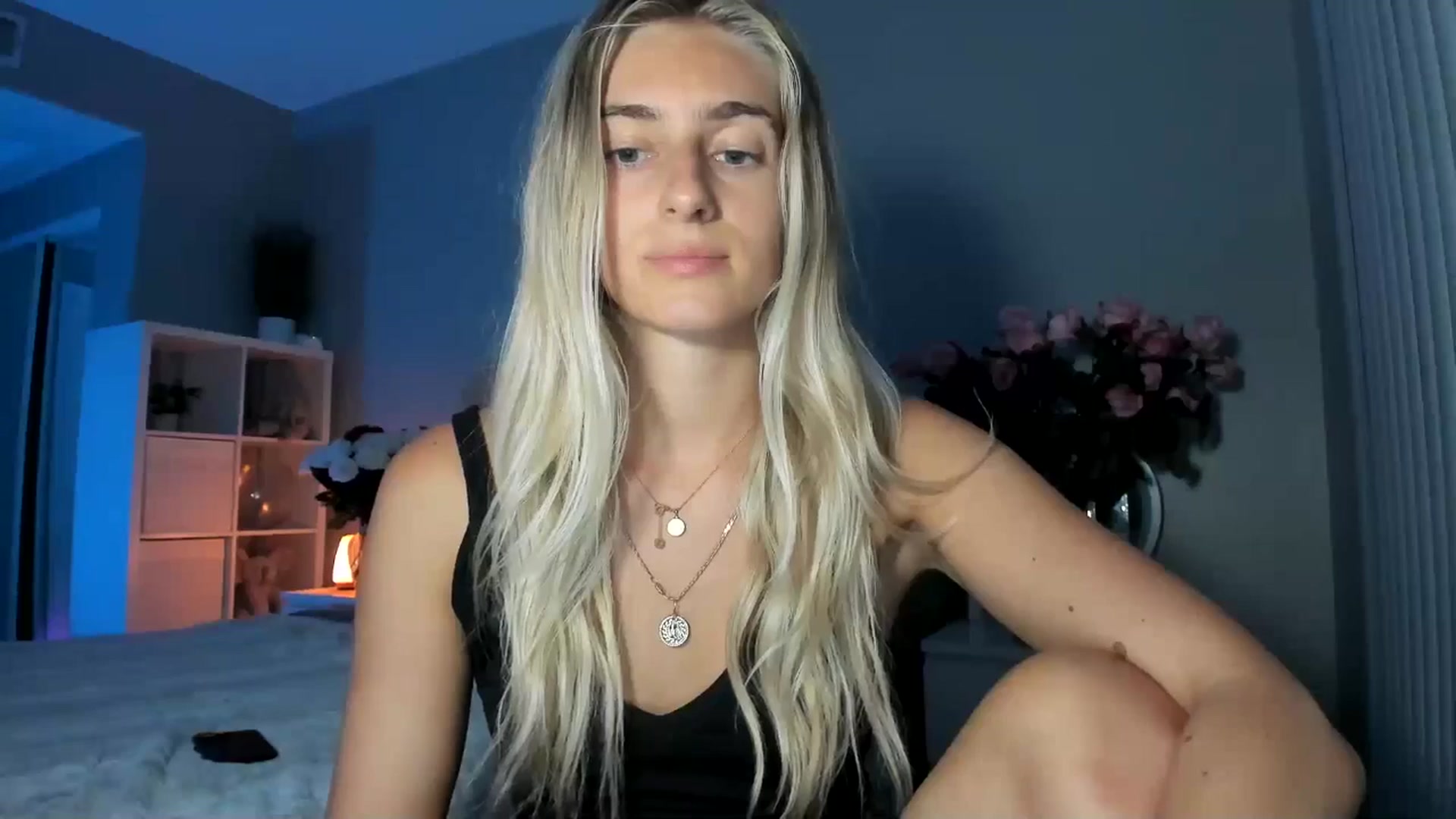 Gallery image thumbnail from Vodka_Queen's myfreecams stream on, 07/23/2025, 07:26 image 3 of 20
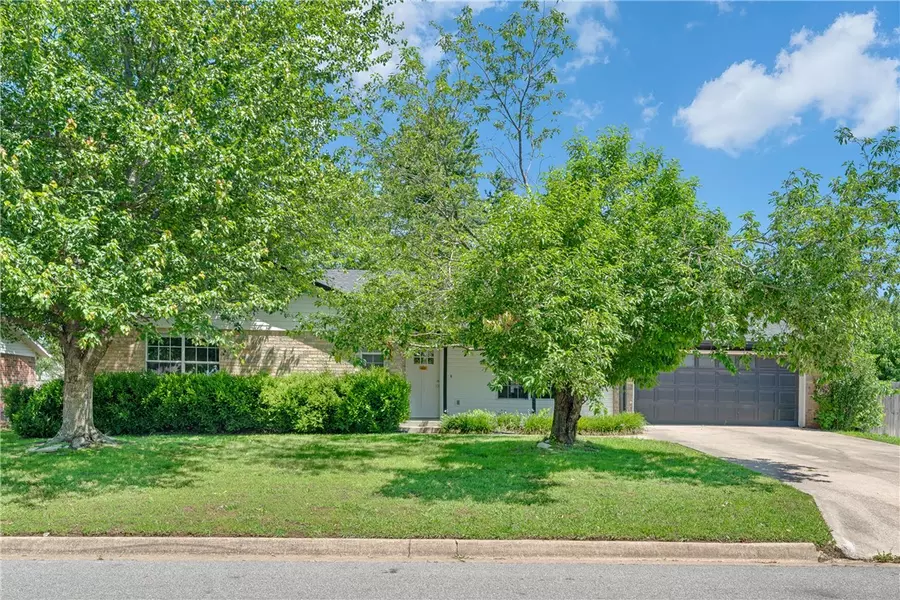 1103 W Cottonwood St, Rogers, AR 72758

---

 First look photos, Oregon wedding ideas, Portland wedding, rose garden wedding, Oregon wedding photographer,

▶ Work instruction:
Please transcribe exactly the part of the records that opens with the line containing "Gallery image thumbnail" and closes with the line containing "1103 W Cottonwood St, Rogers, AR 72758", both ends included, and leave out the pictures.

▶ Reply to the task:
 Gallery image thumbnail from Vodka_Queen's myfreecams stream on, 07/23/2025, 07:26 image 3 of 20
 1103 W Cottonwood St, Rogers, AR 72758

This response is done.